→ **Material for the task**
Segment Open

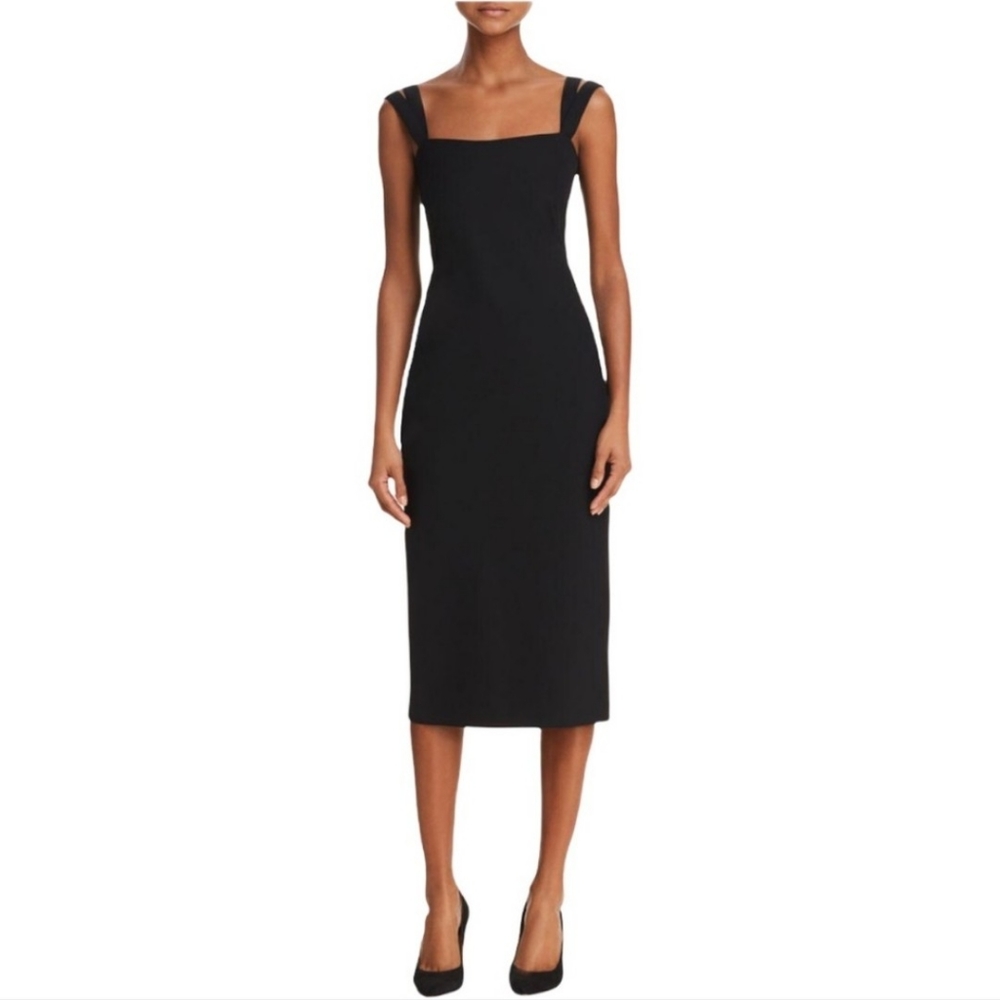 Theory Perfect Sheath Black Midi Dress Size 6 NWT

Segment Closed
Segment Open

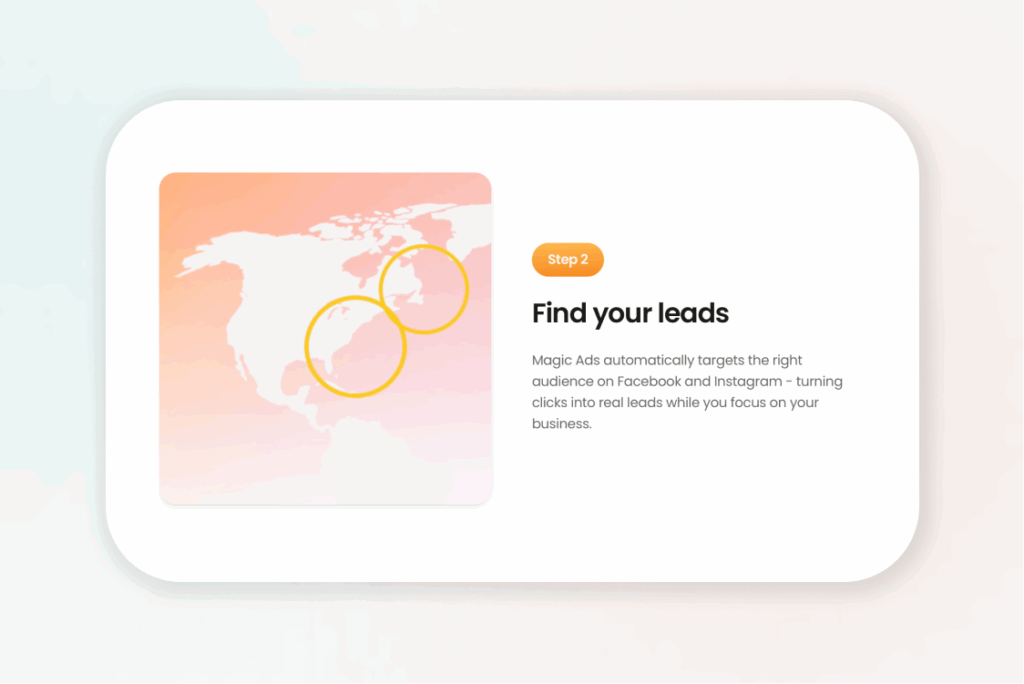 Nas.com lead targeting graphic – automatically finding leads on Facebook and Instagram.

Segment Closed
Segment Open

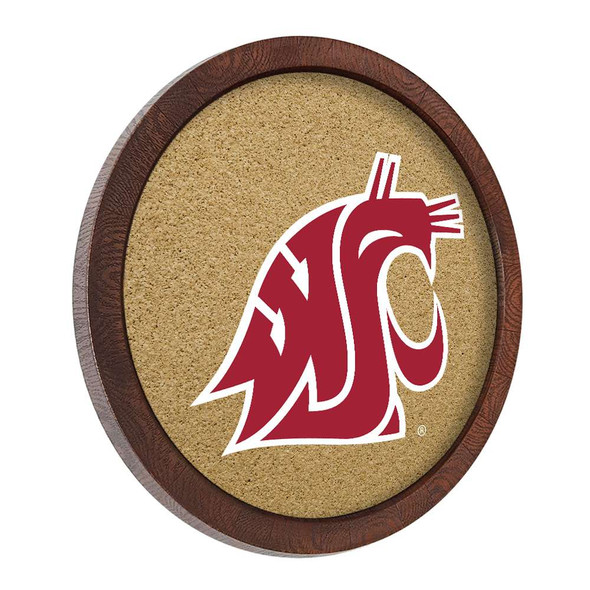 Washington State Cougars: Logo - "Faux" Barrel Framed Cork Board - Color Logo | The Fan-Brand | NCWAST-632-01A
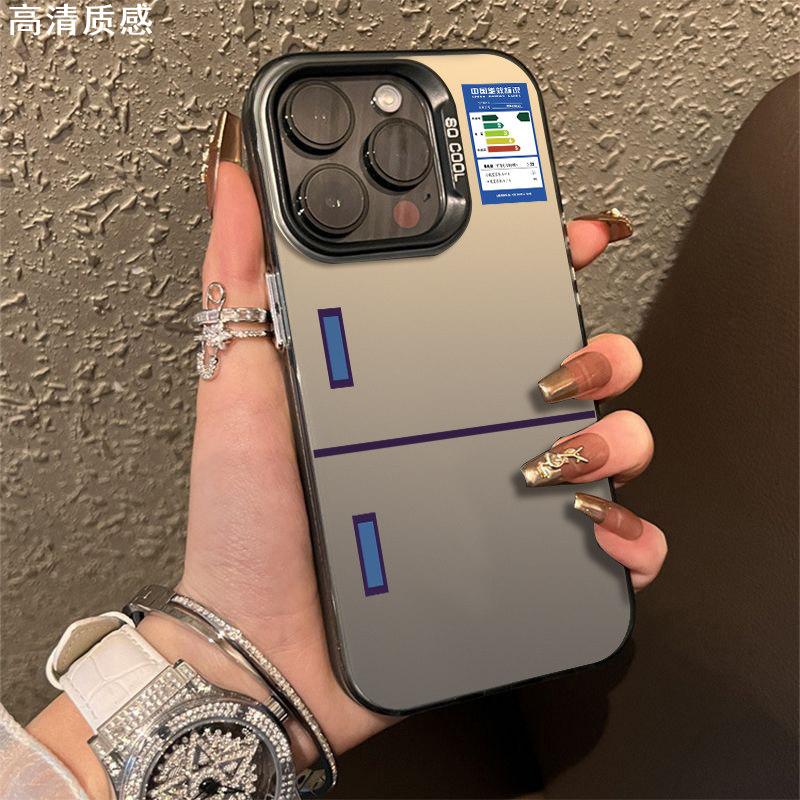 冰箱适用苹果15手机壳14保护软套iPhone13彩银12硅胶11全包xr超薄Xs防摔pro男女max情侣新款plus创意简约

Segment Closed

→ **Exercise description**
Repeat exactly the lines above, beginning at the one containing "Washington State Cougars: Logo" and ending at the one containing "冰箱适用苹果15手机壳14保". Do not carry over any pictures.

→ **Task response**
 Washington State Cougars: Logo - "Faux" Barrel Framed Cork Board - Color Logo | The Fan-Brand | NCWAST-632-01A
 冰箱适用苹果15手机壳14保护软套iPhone13彩银12硅胶11全包xr超薄Xs防摔pro男女max情侣新款plus创意简约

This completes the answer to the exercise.